United States defense organization

The Department of Defense Cyber Crime Center (DC3) is designated as a Federal Cyber Center by National Security Presidential Directive 54/Homeland Security Presidential Directive 23, as a Department of Defense (DoD) Center Of Excellence for Digital and Multimedia (D/MM) forensics by DoD Directive 5505.13E, and serves as the operational focal point for the Defense Industrial Base (DIB) Cybersecurity program. DC3 operates as a Field Operating Agency (FOA) under the inspector general of the Department of the Air Force.

== Mission ==

The mission of the Department of Defense Cyber Crime Center (DC3) includes adding layers to enhance security of dotmil domains by identifying vulnerabilities on computer system servers which could lead to the unauthorized disclosure of information. DC3 provides resources such computer crime investigations, cyber technical training, penetration testing, technical solutions development, and cyber analysis within the following DoD mission areas: cybersecurity and critical infrastructure protection, law enforcement and counterintelligence, document and media exploitation, and counterterrorism.

== Cyber Forensics Laboratory ==

The Cyber Forensics Laboratory performs Digital and Multimedia (D/MM) forensic examinations, repairs damaged devices and extracts otherwise inaccessible data from them, and provides expert testimony in legal proceedings for DC3 customers. The lab's robust intrusion and malware analysis capability supports law enforcement, counterintelligence, and Defense Industrial Base activities and operations. The CFL also works with the Defense Cyber Operations Panel (which consists of Defense Criminal Investigative Organizations and Military Department Counterintelligence Organizations) to develop requirements and set standards for digital investigations as new technologies emerge and evolve. The CFL is an accredited lab under ISO 17025 by the ANSI National Accreditation Board, and its operations are subject to strict quality control and peer review. The CFL produces results which are valid and reliable, based on conditions and methods which are repeatable.

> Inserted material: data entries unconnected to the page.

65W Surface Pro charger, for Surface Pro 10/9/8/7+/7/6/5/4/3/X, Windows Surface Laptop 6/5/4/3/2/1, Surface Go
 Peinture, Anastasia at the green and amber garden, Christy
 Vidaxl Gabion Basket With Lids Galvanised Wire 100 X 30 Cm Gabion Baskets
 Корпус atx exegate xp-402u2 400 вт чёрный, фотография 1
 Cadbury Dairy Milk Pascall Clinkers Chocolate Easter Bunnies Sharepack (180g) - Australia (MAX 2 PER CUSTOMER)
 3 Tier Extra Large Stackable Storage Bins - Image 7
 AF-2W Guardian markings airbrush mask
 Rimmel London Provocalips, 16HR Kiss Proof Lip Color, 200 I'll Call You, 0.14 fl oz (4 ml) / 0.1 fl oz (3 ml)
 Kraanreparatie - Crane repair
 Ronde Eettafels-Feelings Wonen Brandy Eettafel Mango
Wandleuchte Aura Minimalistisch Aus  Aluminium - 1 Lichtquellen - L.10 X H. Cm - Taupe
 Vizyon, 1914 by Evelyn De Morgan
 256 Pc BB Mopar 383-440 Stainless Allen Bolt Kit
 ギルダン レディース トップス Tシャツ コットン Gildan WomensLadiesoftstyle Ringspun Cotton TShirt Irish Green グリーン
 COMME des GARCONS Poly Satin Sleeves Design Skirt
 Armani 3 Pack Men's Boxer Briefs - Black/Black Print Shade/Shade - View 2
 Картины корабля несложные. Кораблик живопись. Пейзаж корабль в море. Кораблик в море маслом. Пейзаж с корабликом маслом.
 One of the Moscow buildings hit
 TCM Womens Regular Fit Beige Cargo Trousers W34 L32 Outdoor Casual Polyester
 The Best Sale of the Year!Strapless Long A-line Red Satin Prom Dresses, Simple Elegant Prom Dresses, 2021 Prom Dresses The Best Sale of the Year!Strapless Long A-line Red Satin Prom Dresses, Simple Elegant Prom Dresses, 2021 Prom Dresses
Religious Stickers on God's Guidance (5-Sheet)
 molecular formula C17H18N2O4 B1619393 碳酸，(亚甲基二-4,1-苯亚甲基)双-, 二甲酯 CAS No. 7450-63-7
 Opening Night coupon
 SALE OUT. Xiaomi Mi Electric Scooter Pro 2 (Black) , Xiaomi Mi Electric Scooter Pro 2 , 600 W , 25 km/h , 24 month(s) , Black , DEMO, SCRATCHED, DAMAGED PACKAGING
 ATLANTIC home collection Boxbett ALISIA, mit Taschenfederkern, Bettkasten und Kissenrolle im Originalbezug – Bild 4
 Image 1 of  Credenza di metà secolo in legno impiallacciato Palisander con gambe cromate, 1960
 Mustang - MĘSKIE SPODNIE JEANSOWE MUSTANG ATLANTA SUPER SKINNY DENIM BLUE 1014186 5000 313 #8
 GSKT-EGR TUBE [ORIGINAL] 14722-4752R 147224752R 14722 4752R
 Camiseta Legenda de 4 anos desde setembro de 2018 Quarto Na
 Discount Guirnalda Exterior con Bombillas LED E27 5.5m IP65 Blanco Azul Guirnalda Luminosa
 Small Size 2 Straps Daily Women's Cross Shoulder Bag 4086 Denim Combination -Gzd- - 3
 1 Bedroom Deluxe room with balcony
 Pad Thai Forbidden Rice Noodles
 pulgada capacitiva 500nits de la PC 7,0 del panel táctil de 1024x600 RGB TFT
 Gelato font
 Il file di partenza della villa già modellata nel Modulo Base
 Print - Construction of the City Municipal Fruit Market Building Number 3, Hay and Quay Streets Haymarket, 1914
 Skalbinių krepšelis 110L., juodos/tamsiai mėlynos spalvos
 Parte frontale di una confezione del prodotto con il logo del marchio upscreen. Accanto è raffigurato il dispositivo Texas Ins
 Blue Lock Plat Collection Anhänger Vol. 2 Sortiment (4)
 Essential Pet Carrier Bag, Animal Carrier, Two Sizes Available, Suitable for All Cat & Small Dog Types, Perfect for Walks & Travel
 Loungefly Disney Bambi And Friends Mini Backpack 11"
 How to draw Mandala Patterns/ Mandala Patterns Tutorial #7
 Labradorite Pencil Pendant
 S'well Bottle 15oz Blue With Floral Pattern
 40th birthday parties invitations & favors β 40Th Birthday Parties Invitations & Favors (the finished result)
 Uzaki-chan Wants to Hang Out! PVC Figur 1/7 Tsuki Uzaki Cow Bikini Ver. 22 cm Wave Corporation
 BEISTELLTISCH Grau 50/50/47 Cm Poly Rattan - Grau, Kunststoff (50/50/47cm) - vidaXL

- Digital and Multimedia (D/MM) forensic examinations
- Device Repair
- Data Extraction
- Expert Testimony for DC3 Customers

== Cyber Training Academy==

The DoD Cyber Crime Center – Cyber Training Academy has been active since 1998, providing cyber training for Department of Defense (DoD) personnel. Over the years, the academy has played a role in training various defense entities, including Defense Criminal Investigative Organizations (DCIOs), Military Department Counterintelligence Organizations, Cyber Mission Forces (CMFs), Cyber Protection Teams (CPTs), Mission Defense Teams (MDTs), and others within the broader DoD enterprise. "The CTA offers more than 30 unique courses of classroom, online, and Instructor-Led Virtual (ILV) cyber training to both individuals and organizations within the DoD charged with protecting defense information systems from unauthorized use, criminal and fraudulent activities, and foreign intelligence/counterintelligence efforts." —CTA

== Technical Solutions Development ==

Technical Solutions Development (TSD) tailors software to the requirements of digital forensic examiners and cyber intrusion analysts. TSD validates digital forensic tools from commercial off-the-shelf, government off-the-shelf, and open-source domains to ensure relevancy and reproducibility as to expected use. In coordination with its cooperative partners, TSD:

- Leads the way by proactively identifying, researching and evaluating relevant new technologies, techniques and tools
- Actively participates in the development of industry standards, including Structured Threat Information eXpression (STIX) and Cyber-investigation Analysis Standard Expression (CASE)
- Shares in-house-developed tools with federal, state, and local law enforcement partners
- Maintains the Counterintelligence Tool Repository (CITR), a warehouse of classified and unclassified tools that support digital forensics and counterintelligence needs.

== DIB Cybersecurity ==

DoD-Defense Industrial Base Collaborative Information Sharing Environment (DCISE)—DCISE is the operational hub of the Defense Industrial Base (DIB) Cybersecurity Program of the Department of Defense, focused on protecting intellectual property and safeguarding DoD content residing on, or transiting through, contractor unclassified networks. The public-private cybersecurity partnership provides a collaborative environment for crowd-sourced threat sharing at both unclassified and classified levels. DCISE provides cyber resilience analyses for Cleared Defense Contractor (CDC) companies and offers unmatched Cybersecurity-as-a-Service capabilities. DCISE performs cyber threat analysis and diagnostics, offers mitigation and remediation strategies, provides best practices, and conducts analyst-to-analyst exchanges with DIB participants ranging in size from small to enterprise-sized companies.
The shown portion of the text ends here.